● Instructions for the task: Take down each entry exactly as written.

Start of Given data

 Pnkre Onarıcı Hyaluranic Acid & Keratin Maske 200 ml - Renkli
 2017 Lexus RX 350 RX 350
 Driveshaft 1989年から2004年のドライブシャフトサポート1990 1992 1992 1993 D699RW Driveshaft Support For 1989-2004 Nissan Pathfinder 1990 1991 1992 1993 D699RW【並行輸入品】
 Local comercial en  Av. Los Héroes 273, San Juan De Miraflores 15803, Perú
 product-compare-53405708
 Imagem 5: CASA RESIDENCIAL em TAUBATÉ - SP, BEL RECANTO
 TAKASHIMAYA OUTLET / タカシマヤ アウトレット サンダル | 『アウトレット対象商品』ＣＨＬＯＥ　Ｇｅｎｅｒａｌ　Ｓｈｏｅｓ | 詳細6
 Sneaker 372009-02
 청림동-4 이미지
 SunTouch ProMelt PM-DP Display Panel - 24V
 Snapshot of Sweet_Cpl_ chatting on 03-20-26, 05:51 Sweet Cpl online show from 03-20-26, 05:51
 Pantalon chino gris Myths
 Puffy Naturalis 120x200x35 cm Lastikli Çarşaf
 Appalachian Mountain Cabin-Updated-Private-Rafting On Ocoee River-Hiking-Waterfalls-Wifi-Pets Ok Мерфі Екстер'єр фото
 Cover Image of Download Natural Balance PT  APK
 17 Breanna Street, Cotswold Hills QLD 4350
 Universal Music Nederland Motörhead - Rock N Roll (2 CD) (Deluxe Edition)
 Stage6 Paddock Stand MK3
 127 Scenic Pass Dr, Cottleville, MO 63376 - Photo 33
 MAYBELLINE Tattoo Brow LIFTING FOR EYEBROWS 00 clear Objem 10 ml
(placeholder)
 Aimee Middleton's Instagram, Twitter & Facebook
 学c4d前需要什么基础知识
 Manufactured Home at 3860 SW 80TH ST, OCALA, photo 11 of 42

End of Given data

● Exercise answer:
 Pnkre Onarıcı Hyaluranic Acid & Keratin Maske 200 ml - Renkli
 2017 Lexus RX 350 RX 350
 Driveshaft 1989年から2004年のドライブシャフトサポート1990 1992 1992 1993 D699RW Driveshaft Support For 1989-2004 Nissan Pathfinder 1990 1991 1992 1993 D699RW【並行輸入品】
 Local comercial en  Av. Los Héroes 273, San Juan De Miraflores 15803, Perú
 product-compare-53405708
 Imagem 5: CASA RESIDENCIAL em TAUBATÉ - SP, BEL RECANTO
 TAKASHIMAYA OUTLET / タカシマヤ アウトレット サンダル | 『アウトレット対象商品』ＣＨＬＯＥ　Ｇｅｎｅｒａｌ　Ｓｈｏｅｓ | 詳細6
 Sneaker 372009-02
 청림동-4 이미지
 SunTouch ProMelt PM-DP Display Panel - 24V
 Snapshot of Sweet_Cpl_ chatting on 03-20-26, 05:51 Sweet Cpl online show from 03-20-26, 05:51
 Pantalon chino gris Myths
 Puffy Naturalis 120x200x35 cm Lastikli Çarşaf
 Appalachian Mountain Cabin-Updated-Private-Rafting On Ocoee River-Hiking-Waterfalls-Wifi-Pets Ok Мерфі Екстер'єр фото
 Cover Image of Download Natural Balance PT  APK
 17 Breanna Street, Cotswold Hills QLD 4350
 Universal Music Nederland Motörhead - Rock N Roll (2 CD) (Deluxe Edition)
 Stage6 Paddock Stand MK3
 127 Scenic Pass Dr, Cottleville, MO 63376 - Photo 33
 MAYBELLINE Tattoo Brow LIFTING FOR EYEBROWS 00 clear Objem 10 ml
(placeholder)
 Aimee Middleton's Instagram, Twitter & Facebook
 学c4d前需要什么基础知识
 Manufactured Home at 3860 SW 80TH ST, OCALA, photo 11 of 42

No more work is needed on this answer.